DATA PROVIDED below:

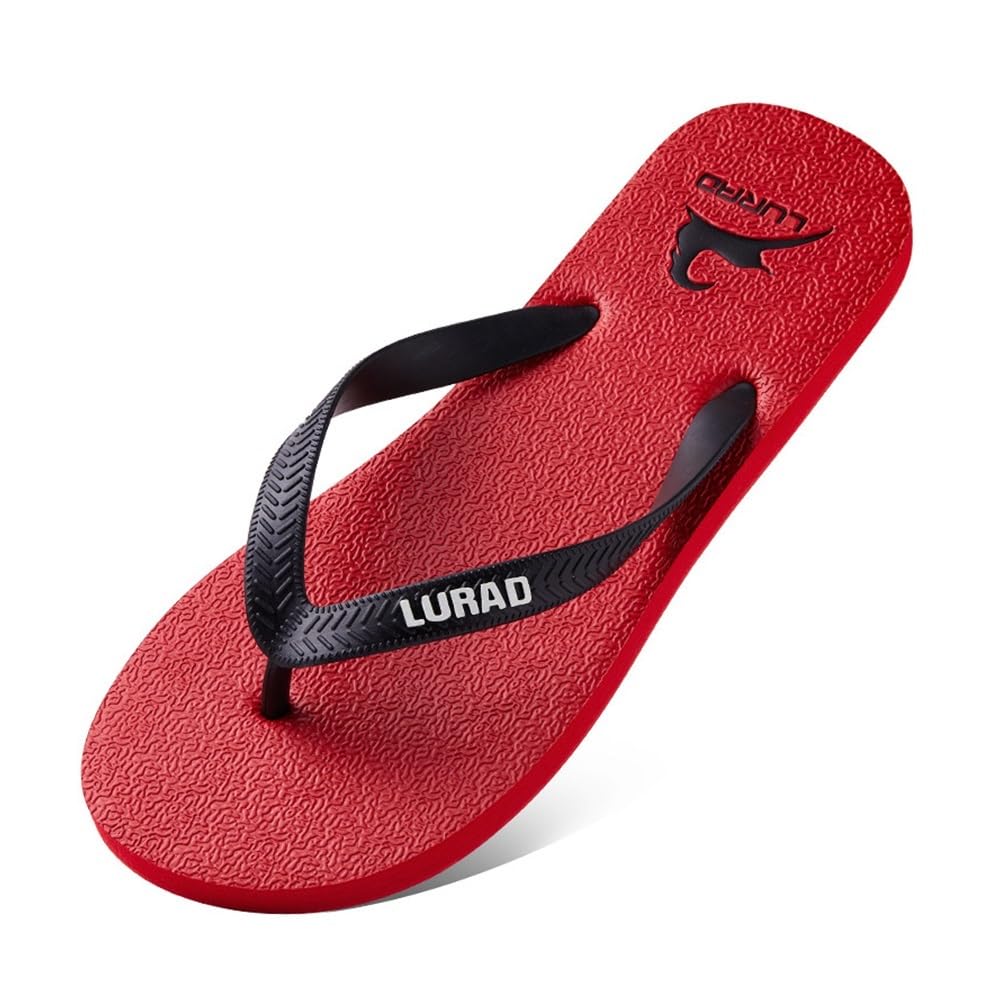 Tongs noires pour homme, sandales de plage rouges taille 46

End of DATA PROVIDED.
DATA PROVIDED below:

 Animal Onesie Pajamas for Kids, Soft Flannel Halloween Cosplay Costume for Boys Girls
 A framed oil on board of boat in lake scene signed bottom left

End of DATA PROVIDED.
DATA PROVIDED below:

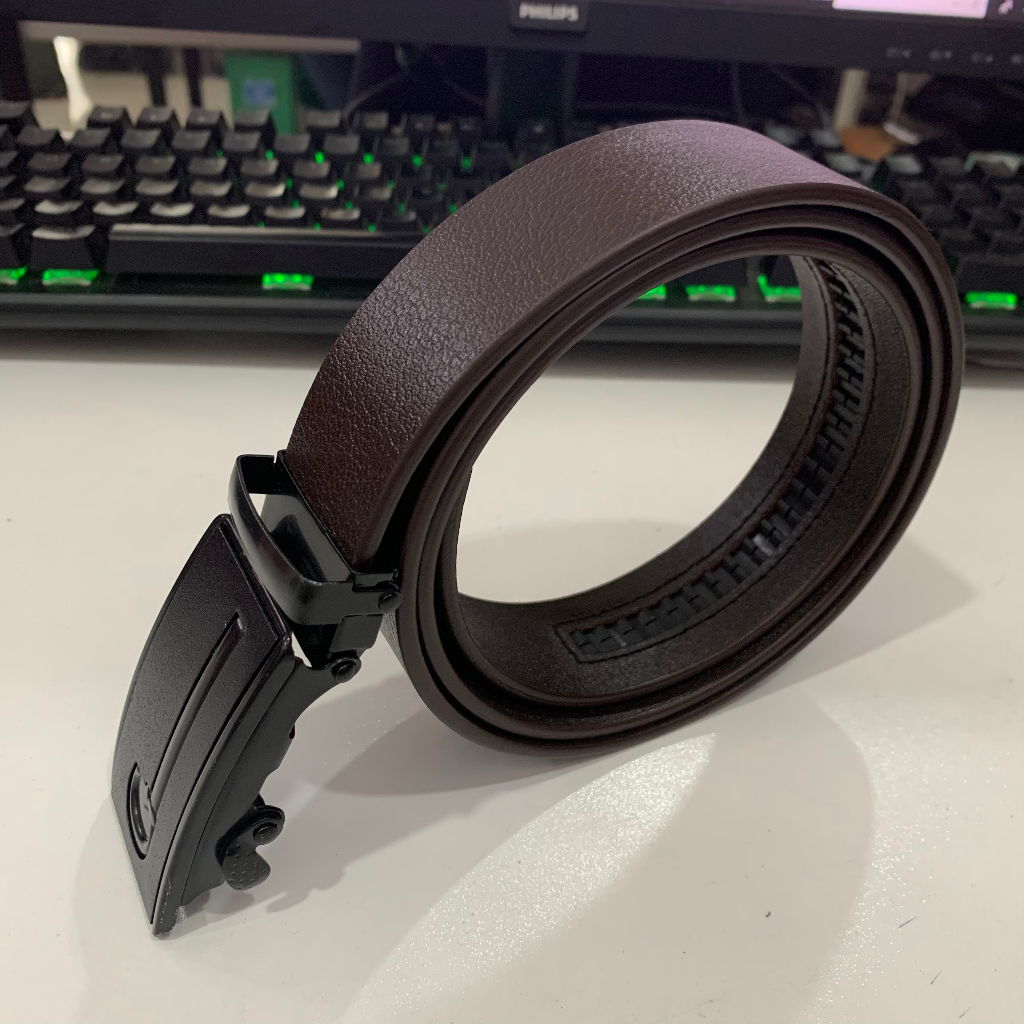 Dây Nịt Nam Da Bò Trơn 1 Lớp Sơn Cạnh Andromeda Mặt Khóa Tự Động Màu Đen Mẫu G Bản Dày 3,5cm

End of DATA PROVIDED.

Once you reach the line with "Animal Onesie Pajamas" in the data above, copy it and every line after it exactly, up to and including the line with "A framed oil".

 Animal Onesie Pajamas for Kids, Soft Flannel Halloween Cosplay Costume for Boys Girls
 A framed oil on board of boat in lake scene signed bottom left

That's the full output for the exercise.